Bacterial degradation of the nitrobenzoic acids

Abstract

Nocardia erythropolis and N. opaca oxidize p-nitrobenzoate and o-nitrobenzoate respectively to CO2 and NH3; Nocardia M 1 produces nitrite but no NH3 from the meta-isomer. The effects of some inhibitors on these oxidations are described. N. erythropolis and Nocardia M 1 convert their respective nitrobenzoate substrate into the corresponding hydroxy compound and thence to protocatechuate.

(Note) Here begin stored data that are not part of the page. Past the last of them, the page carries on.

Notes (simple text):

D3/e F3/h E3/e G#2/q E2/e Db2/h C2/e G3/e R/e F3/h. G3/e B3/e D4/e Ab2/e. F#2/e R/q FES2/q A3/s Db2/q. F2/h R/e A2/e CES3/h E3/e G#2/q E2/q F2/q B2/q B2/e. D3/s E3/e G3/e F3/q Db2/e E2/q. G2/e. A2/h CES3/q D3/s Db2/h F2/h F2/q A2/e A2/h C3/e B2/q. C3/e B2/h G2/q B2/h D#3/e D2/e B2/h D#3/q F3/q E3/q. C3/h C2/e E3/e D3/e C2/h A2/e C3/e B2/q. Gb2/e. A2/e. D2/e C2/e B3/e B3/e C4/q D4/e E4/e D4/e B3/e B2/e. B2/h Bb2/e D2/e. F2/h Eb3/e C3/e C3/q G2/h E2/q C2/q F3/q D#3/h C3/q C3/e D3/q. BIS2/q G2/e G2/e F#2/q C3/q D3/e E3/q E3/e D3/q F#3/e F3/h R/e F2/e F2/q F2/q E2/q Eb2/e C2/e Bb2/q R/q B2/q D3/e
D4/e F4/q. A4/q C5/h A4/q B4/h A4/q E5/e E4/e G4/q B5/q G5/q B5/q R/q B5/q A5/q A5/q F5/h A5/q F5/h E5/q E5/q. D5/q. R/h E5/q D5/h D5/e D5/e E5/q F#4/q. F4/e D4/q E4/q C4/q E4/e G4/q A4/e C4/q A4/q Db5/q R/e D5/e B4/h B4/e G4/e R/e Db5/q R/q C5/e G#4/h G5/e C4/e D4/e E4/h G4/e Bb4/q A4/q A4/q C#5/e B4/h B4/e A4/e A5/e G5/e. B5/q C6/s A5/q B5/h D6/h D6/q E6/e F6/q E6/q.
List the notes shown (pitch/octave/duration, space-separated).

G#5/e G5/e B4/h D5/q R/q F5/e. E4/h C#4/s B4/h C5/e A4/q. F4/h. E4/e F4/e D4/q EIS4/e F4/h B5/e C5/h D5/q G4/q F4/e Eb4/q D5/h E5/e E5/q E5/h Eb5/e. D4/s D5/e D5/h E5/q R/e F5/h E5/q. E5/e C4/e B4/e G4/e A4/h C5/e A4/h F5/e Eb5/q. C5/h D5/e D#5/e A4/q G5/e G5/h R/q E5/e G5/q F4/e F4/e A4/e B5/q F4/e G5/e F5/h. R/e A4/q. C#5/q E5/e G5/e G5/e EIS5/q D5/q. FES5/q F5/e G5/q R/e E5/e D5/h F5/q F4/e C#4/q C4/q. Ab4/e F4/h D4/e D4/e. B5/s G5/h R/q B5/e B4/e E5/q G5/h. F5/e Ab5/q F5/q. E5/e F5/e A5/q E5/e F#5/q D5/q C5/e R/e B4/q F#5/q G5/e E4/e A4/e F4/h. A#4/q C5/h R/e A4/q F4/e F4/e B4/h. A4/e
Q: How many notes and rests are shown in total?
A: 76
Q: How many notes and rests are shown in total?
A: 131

N. erythropolis also produces 4-nitrocatechol from p-nitrobenzoate. N. erythropolis and Nocardia M 1 grown upon p-and m-nitrobenzoate respectively, but not upon glucose or nutrient broth, possess the enzyme systems for the oxidation of protocatechuate. Freeze-dried cells and crude extracts convert protocatechuate quantitatively into [beta]-oxoadipic acid. Certain desiccator-dried preparations oxidize this keto acid, the more active ones finally yielding succinate. All the protocatechuic acid oxidas.e activity is in the soluble-protein fraction of crude extracts and can be separated from decarboxylase activity by fractionation with ammonium sulphate, the oxidase activity lying in the fraction precipitating between 0.33 and 0.45 saturation. The end product of partially purified oxidase in [beta]-carboxymuconic acid. Dried cells of N. opaca oxidize o-nitrobenzoate catechol and protocatechuate rapidly. The possible explanations for the differences in nitrogenous end-products are discussed and attention is drawn to the analogous reactions performed by Nocardia spp. grown on the nitrobenzoates and by other micro-organisms grown on a variety of ring compounds.